[TASK OBJECTIVE] Your answer should consist of every line in the records that holds "stone".

[DATASET CONTENT]
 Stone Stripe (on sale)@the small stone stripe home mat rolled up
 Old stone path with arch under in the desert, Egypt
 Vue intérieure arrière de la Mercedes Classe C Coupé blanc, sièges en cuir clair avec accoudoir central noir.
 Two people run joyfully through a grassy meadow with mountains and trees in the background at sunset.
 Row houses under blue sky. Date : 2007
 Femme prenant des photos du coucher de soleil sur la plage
...
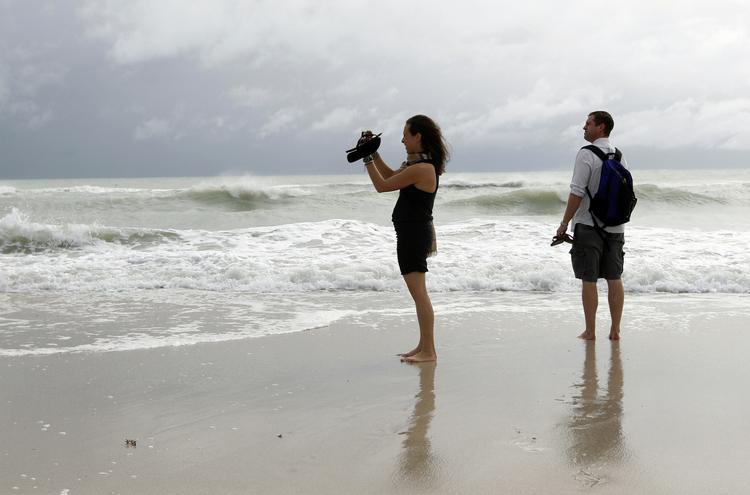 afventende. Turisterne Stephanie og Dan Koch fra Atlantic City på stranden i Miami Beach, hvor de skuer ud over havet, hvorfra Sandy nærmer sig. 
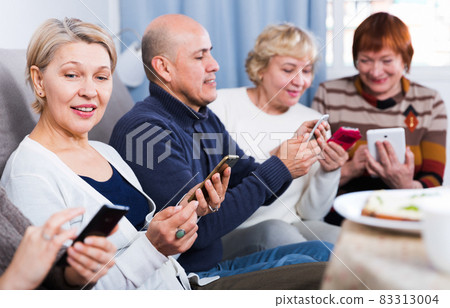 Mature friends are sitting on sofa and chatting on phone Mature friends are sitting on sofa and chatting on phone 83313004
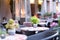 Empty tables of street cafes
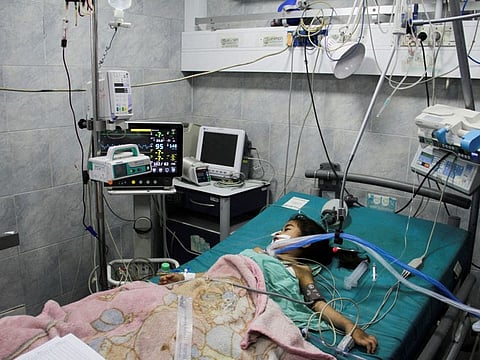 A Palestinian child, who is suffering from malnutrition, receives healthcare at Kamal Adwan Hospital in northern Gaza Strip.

[TASK SOLUTION]
 Stone Stripe (on sale)@the small stone stripe home mat rolled up
 Old stone path with arch under in the desert, Egypt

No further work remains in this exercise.